Kara Walker (American, b.1969) works across media to address racial prejudice and inequality embedded in contemporary society. In her best known work, she uses silhouettes to create provocative imagery using a visual vocabulary dating to the antebellum era. Walker's exaggeration of racist stereotypes and the graphic depiction of violence in large-scale installations parodies the genteel, old fashioned form of miniature silhouette portraiture popular in the 1800s. Her installations satirize the false propriety of the slaveholding Old South, speaking directly to issues of race, identity, privilege and injustice in contemporary society. Walker employs racist stereotypes of past and present in order to raise our awareness of bigotry's stubborn persistence.

At the age of 13, Walker moved from Stockton, California to Georgia where her father, artist Larry Walker, had accepted a teaching position at Georgia State University. Walker received her BFA from the Atlanta College of Art and went on to earn an MFA at the Rhode Island School of Design in 1994. In 1997, at age 27, Walker became the youngest ever MacArthur Fellow.

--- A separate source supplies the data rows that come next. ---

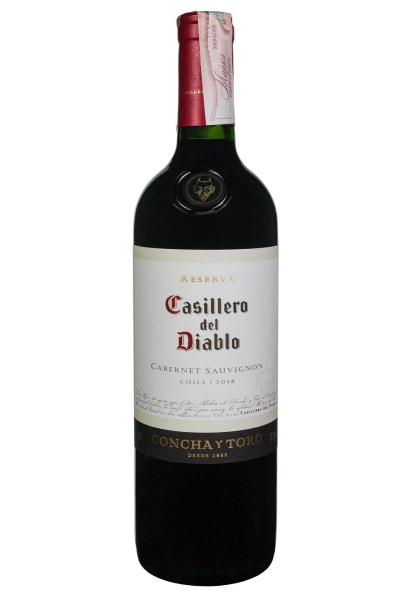 Casillero del Diablo Cabernet Sauvignon Красное Сухое 0.75 л фото casillero del diablo cabernet sauvignon красное сухое 0.75 л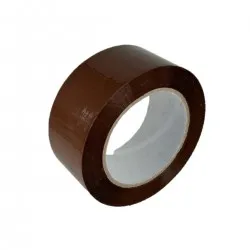 Banda adeziva acrilic, 48 mm x 150 m, maro Banda adeziva acrilic, 48 mm x 150 m, maro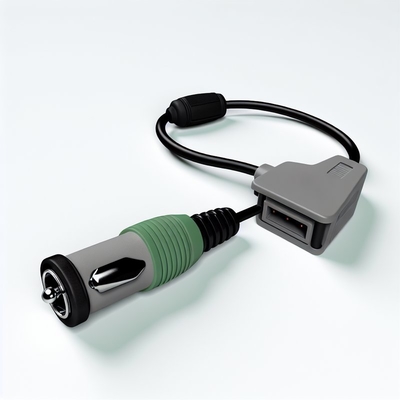 5V a 12V Step Up Converter Cable USB para DC para Powerbank Router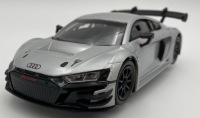 Audi R8 LMS GT3 серебристый 1:24 Motormax 79380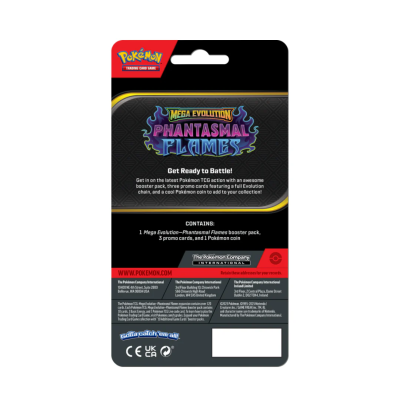 Phantasmal Flames Premium Checklane Blister (Blaziken) | Icehawk Collectibles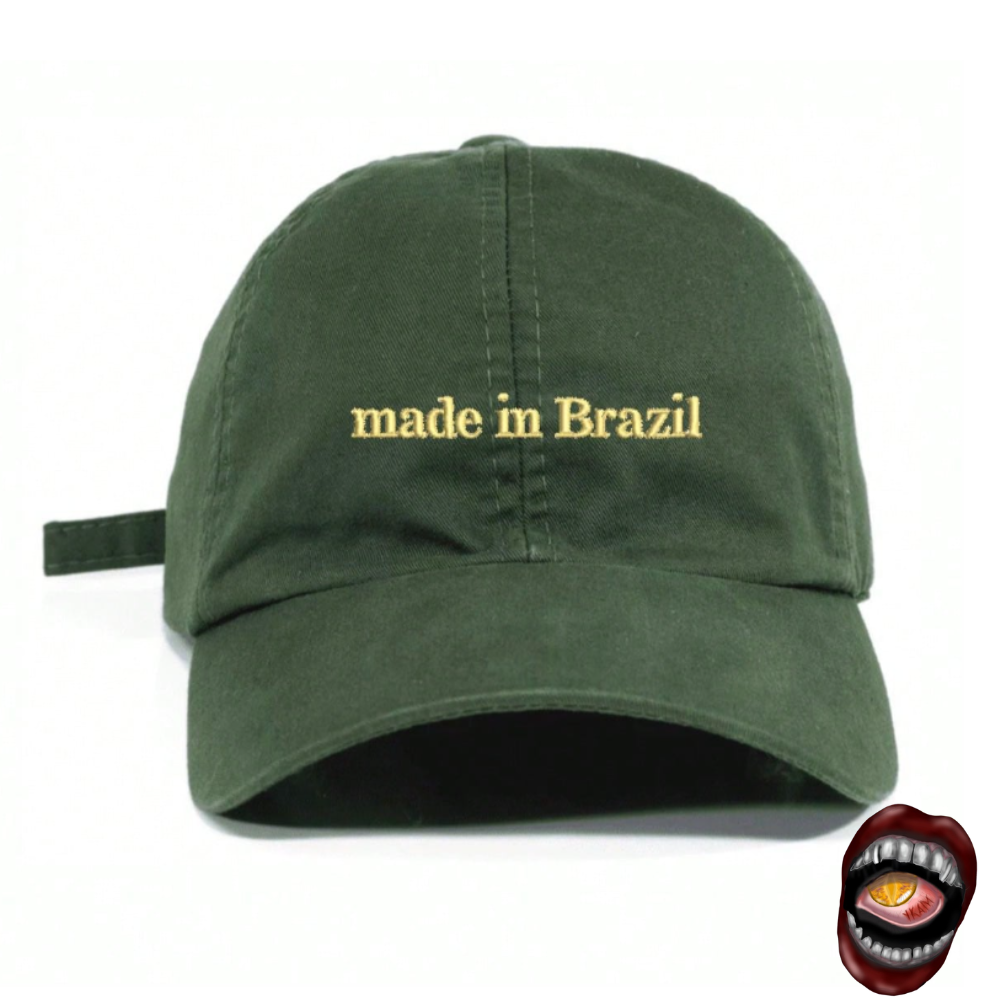 Boné “Made in Brazil”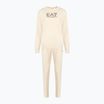 Спортивний костюм жіночий EA7 Emporio Armani Train Tracksuit MaxiLogo almond milk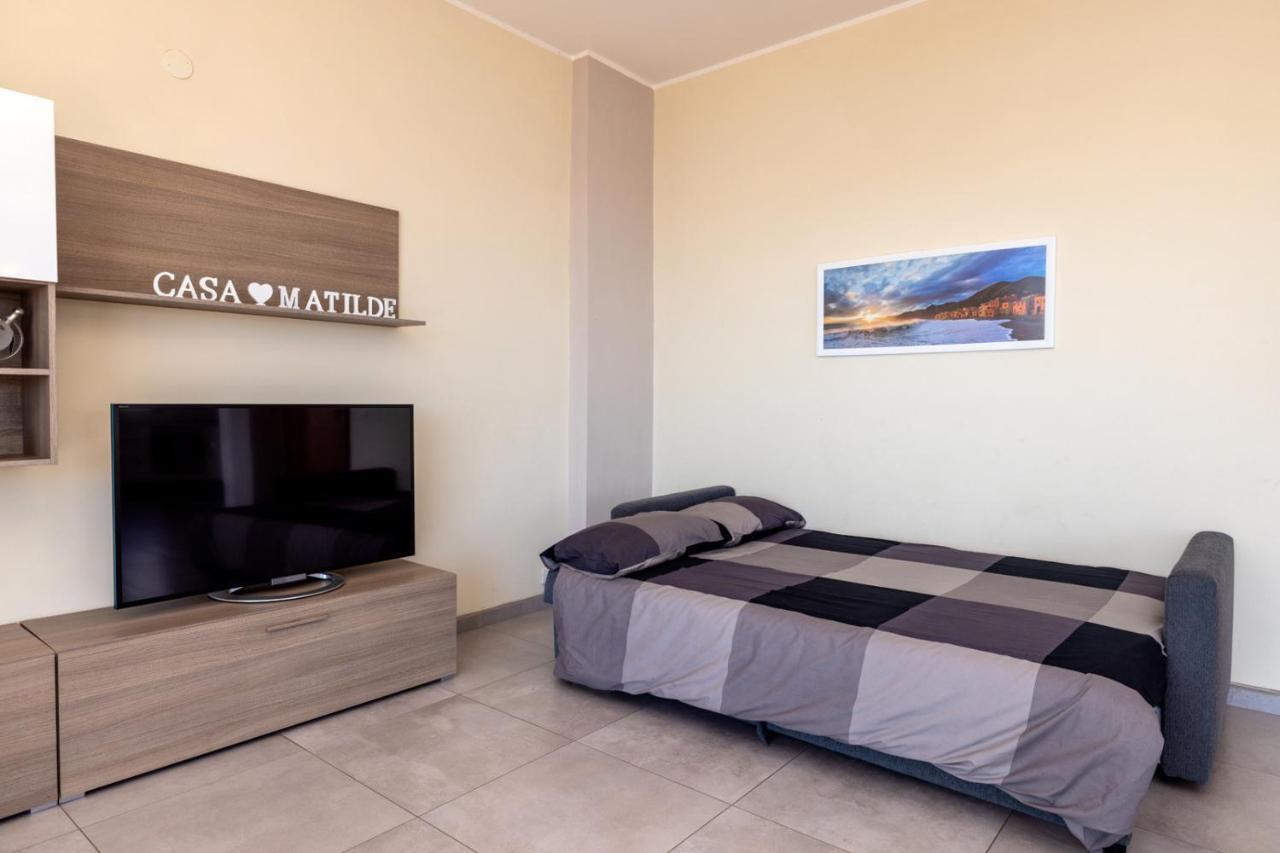 Casa Matilde - Appartamento Vista Mare - Con Posto Auto Фінале-Лігуре Екстер'єр фото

Since then, her work has been exhibited at such major institutions the San Francisco Museum of Modern Art, the Museum of Modern Art, the Guggenheim Museum, and the Whitney Museum of American Art in New York which organized her mid-career retrospective exhibition in 2007.

STONE MOUNTAIN

Kara Walker

Kara Walker came of age in the shadow of Stone Mountain's monument to the Confederacy. The relief carving of three Confederate generals, Stonewall Jackson, Jefferson Davis, and Robert E. Lee, is dedicated to the so-called "lost cause." That ideology casts the Civil War as an honorable struggle for the Southern way of life, while denying the central role of slavery in the conflict.

If you visit Stone Mountain today, you can ride a cable car to the top, take a scenic riverboat ride around an old-time southern town, or witness a nearby plantation featuring a collection of historic buildings and farm animals. In the evening you can see fireworks and a laser light display or watch a documentary at Confederate Hall about the Battle of Georgia.

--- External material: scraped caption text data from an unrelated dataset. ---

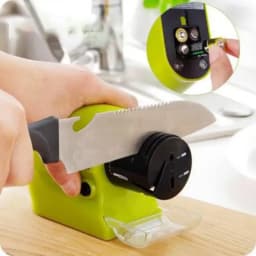 New fast knife sharpening products, home electric/manual knife sharpener automatic professional knife scissors cutting tools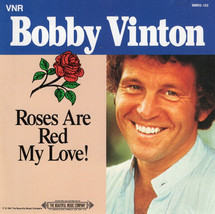 Bobby Vinton - Roses Are Red My Love! (CD, Comp) (Very Good Plus (VG+)) - £2.71 GBP
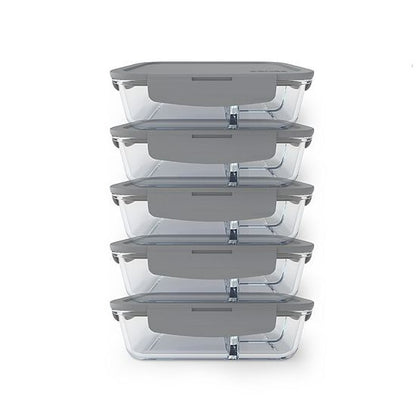  Bentgo 10-pc. 3-Compartment Glass Lunch Container Set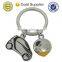 High quality cheap price metal retractable keychain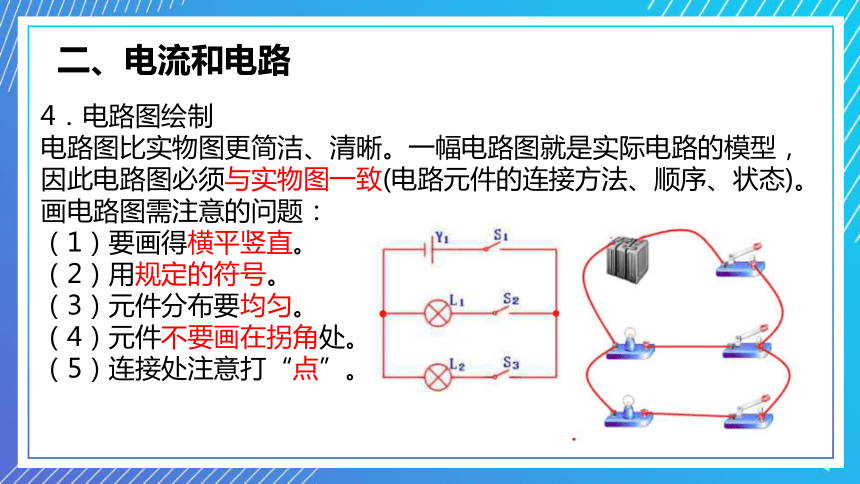 浙教版初中科学八上复习课件——第12讲 电荷与电流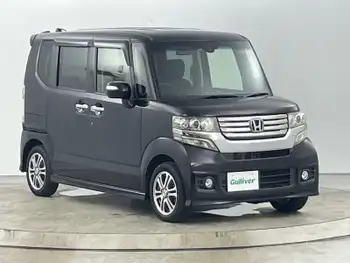 ホンダ Ｎ ＢＯＸ カスタム SSパッケージ 禁煙 純正8型ナビ バックカメラ Bluetooth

The only acknowledgment of slavery at Stone Mountain is the presence of two picturesque slave houses at the theme park's plantation. You won't learn that nearly 600 black men, women, and children were lynched in Georgia between 1877-1950 or that 52% of incarcerated population today in Georgia is African American. Nor will you learn that Atlanta was the cradle of the civil rights movement, is the center for black entrepreneurship in the country, and has the largest black middle class in the country in addition to the countless accomplishments and triumphs of the African American community despite Georgia's history of slavery and segregation.

CYCLORAMA

Kara Walker

The installation of The Jubilant Martyrs of Obsolescence and Ruin on a curved wall, surrounding and enveloping the viewer, borrows its form from panoramic paintings that were popular in the 1800s. The Battle of Atlanta (1886), better known as the Atlanta Cyclorama, represents a surviving example of this format. It carries a multilayered history, serving first as a traveling entertainment, then as a symbol of the so-called Lost Cause supporting the Confederacy, and now as a lens through which to view Atlanta's complicated relationship with the Civil War.

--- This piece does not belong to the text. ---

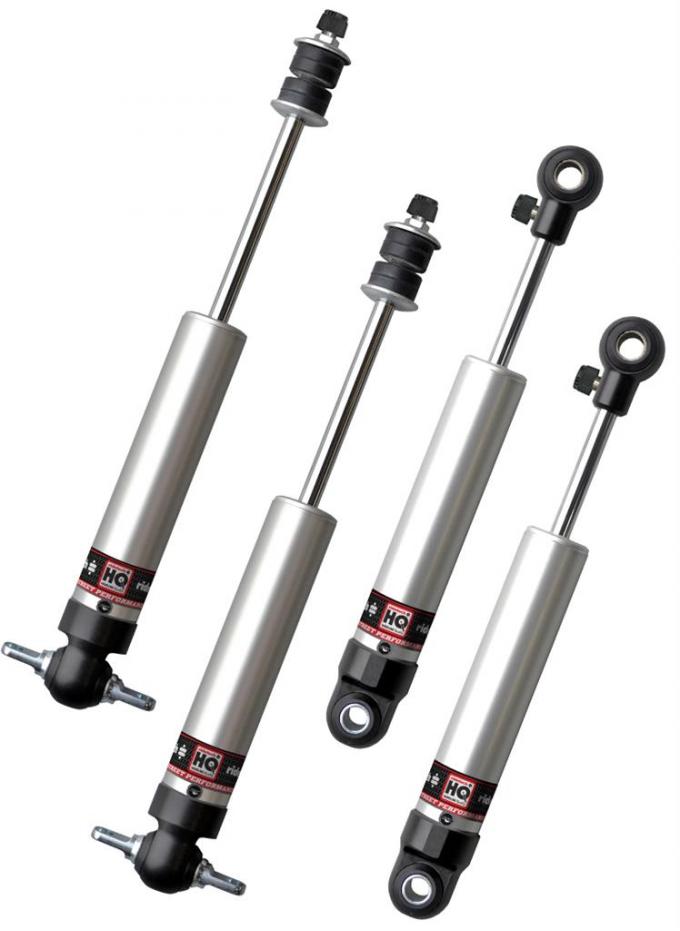 84-87 Shock Kit - HQ Monotube Adjustable - By Ridetech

Painted in Milwaukee by a group of German artists, the massive painting depicted a crucial victory for the Union Army. The painting toured the country, its colossal scale immersing viewers in the events that unfolded across its surface. As the painting reached the southern states, promoters shifted the rhetoric around the events it depicted, now claiming it represented a Confederate triumph. In 1893, while the Cyclorama was in Atlanta, the financial backers ran out of funds and sold it. It has remained in the city ever since.

In 2014, a group of public and private supporters announced the move of The Battle of Atlanta from its longtime home in Grant Park to the Atlanta History Center. The painting underwent extensive conservation and research to ready it for public view.